A story from last week concerning the efforts of a local police department in Los Angeles County to temporarily ratchet up its on-the-streets presence in promotion of a motorcycle awareness and safety campaign strongly spotlights the concerning topic of motorcycle accidents in California.
It is sad to note that, when fatal motorcycle crash statistics are extrapolated across a calendar year, California motorcyclists are dying at a rate that far exceeds one rider every day.
And what is worrying to safety officials and advocates is that fatality numbers are trending in the wrong direction. According to the state Office of Traffic Safety, 447 riders died in crashes in the state in 2012. In 2013 (the most recent year for which relevant numbers can be gleaned), that number rose to 453.
Such numbers are obviously worrisome. What might be centrally contributing to them?

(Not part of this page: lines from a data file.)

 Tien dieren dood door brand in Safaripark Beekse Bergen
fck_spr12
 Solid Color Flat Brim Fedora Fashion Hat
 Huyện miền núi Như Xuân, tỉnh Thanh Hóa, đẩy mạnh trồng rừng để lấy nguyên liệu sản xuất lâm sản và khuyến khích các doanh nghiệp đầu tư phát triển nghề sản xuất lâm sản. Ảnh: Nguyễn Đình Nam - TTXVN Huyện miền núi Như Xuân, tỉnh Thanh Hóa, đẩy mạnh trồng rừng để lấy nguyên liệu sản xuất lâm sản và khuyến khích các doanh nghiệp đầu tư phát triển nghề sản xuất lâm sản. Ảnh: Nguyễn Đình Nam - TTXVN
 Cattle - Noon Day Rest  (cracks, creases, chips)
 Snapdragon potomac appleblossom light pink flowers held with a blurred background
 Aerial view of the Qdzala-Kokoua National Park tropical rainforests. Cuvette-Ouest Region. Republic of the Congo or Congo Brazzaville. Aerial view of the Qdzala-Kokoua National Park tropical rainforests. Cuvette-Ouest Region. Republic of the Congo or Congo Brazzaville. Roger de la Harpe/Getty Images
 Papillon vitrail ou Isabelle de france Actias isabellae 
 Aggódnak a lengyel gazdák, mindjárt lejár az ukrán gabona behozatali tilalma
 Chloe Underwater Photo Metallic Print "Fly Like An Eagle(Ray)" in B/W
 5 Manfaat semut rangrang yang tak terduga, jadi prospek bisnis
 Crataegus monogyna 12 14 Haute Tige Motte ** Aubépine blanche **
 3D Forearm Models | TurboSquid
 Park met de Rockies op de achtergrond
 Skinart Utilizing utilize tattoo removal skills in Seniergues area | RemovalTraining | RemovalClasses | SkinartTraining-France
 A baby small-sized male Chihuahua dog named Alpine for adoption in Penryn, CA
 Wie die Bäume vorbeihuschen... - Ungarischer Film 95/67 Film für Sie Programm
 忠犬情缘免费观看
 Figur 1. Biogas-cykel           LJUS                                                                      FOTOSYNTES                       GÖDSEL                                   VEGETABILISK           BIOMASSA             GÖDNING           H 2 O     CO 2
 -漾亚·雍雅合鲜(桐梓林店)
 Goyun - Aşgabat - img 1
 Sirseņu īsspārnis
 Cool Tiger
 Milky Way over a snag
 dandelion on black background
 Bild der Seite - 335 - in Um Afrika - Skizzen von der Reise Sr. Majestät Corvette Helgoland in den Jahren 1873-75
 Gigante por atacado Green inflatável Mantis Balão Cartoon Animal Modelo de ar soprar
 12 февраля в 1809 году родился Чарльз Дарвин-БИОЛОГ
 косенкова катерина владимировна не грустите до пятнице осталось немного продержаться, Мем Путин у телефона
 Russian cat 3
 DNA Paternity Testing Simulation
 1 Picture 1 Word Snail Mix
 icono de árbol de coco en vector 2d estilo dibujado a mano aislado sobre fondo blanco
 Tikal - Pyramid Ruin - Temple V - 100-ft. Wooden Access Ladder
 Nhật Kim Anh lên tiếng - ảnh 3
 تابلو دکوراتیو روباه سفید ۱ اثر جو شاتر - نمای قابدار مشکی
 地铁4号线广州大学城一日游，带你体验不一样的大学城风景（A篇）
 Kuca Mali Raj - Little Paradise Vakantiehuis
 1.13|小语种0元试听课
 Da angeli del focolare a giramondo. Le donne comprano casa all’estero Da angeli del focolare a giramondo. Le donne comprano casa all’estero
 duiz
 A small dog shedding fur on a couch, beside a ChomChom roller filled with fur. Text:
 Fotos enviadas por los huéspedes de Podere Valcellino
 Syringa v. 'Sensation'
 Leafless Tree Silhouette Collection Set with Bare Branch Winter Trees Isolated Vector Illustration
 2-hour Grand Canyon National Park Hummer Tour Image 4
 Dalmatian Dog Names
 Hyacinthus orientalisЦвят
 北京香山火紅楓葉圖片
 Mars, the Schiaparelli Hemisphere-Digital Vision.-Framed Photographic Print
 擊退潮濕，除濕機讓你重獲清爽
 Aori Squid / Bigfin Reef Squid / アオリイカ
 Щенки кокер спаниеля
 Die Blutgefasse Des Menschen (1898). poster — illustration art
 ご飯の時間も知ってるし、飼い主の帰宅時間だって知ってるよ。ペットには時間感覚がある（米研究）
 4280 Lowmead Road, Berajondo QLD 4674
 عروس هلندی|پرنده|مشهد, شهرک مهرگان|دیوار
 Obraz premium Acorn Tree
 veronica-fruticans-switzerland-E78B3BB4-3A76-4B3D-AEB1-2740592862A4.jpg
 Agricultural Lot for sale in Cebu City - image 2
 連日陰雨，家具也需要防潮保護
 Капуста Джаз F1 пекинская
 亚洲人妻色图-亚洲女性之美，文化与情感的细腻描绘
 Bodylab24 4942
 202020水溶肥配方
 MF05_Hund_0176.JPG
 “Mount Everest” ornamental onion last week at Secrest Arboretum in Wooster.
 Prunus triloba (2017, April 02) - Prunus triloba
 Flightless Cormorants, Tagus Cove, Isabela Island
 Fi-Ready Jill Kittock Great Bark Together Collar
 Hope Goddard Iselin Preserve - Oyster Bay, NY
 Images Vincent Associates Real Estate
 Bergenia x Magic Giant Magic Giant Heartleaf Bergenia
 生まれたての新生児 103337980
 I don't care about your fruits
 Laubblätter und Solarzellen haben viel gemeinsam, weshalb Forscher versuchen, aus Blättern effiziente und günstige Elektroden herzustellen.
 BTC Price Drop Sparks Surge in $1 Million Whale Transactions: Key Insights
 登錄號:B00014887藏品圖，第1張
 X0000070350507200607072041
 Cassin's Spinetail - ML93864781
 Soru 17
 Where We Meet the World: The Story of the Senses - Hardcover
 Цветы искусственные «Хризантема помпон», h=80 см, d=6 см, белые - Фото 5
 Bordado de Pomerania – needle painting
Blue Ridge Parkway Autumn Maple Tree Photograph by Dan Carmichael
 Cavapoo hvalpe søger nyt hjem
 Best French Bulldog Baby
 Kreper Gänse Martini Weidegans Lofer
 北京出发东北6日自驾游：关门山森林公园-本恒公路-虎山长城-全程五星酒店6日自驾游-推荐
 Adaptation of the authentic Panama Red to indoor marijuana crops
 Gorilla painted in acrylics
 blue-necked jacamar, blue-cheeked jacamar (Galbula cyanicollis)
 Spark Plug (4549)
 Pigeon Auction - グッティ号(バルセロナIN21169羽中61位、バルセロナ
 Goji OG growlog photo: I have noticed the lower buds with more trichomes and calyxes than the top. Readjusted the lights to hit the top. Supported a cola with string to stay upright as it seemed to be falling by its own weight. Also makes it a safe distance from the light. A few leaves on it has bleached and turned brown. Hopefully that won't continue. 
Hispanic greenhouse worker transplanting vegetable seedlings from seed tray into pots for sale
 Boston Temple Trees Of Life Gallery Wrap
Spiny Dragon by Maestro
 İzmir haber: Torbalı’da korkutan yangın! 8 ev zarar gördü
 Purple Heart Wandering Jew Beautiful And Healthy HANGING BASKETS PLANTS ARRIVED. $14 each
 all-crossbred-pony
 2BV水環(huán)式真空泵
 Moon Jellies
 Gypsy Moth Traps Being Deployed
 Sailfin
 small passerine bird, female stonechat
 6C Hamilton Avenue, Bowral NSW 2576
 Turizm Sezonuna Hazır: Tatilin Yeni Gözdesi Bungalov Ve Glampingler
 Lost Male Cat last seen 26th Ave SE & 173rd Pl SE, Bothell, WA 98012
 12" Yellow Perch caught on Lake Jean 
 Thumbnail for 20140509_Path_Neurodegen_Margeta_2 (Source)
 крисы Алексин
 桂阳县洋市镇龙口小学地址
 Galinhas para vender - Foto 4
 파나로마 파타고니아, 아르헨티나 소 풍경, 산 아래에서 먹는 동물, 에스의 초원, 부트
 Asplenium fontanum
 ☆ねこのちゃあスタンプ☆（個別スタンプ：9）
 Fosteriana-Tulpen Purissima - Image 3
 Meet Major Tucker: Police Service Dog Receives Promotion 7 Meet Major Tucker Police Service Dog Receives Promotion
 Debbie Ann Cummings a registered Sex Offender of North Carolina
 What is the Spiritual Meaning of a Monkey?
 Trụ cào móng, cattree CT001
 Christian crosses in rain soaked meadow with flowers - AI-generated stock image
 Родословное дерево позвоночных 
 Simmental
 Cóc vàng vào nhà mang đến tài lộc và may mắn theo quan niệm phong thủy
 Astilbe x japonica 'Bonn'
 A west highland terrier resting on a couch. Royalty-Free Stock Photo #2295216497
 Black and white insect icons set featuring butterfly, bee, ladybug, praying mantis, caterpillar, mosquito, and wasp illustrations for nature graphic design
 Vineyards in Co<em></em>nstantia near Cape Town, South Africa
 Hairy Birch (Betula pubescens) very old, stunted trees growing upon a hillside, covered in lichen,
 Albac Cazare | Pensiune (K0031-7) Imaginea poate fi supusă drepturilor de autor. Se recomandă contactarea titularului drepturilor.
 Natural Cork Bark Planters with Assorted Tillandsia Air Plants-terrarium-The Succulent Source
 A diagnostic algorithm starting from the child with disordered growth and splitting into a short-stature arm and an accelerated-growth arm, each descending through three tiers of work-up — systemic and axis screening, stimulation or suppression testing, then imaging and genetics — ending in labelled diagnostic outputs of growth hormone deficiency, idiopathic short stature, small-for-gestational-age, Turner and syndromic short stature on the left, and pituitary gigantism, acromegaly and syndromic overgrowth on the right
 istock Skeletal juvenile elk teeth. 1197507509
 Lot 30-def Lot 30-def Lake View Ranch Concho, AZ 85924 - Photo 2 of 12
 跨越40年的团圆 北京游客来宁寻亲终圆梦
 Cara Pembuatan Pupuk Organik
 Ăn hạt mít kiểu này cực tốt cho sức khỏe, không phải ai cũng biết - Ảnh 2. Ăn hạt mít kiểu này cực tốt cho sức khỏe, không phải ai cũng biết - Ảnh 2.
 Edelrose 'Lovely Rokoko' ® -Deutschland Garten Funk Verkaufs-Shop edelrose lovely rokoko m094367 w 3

Economic constraints continue to pose tough challenges for many people, of course, and some commuters looking to save money might be opting for the comparatively cheap conveyance provided by a bike. At the same time, a general economic rebound has put more motorists of passenger vehicles back behind the wheel.
Simply put, the single variable of more traffic out on the roads can be a directly contributing factor in some accidents.
Accident statistics similarly show an upward spiking trend in fatal outcomes involving pedestrians and bicyclists, which the above-noted article calls “dramatic.” More than 700 pedestrians died in California in 2013 after being struck by vehicles, with that number evidencing a nearly seven percent rise from the preceding year.
And the surge in bicyclists’ deaths was even more pronounced, with the 141 fatalities reported in 2013 marking a jump of 8.6 percent from 2012.
It is manifestly evident why state officials are unremittingly focused on accident avoidance and safety-enhancing measures across California.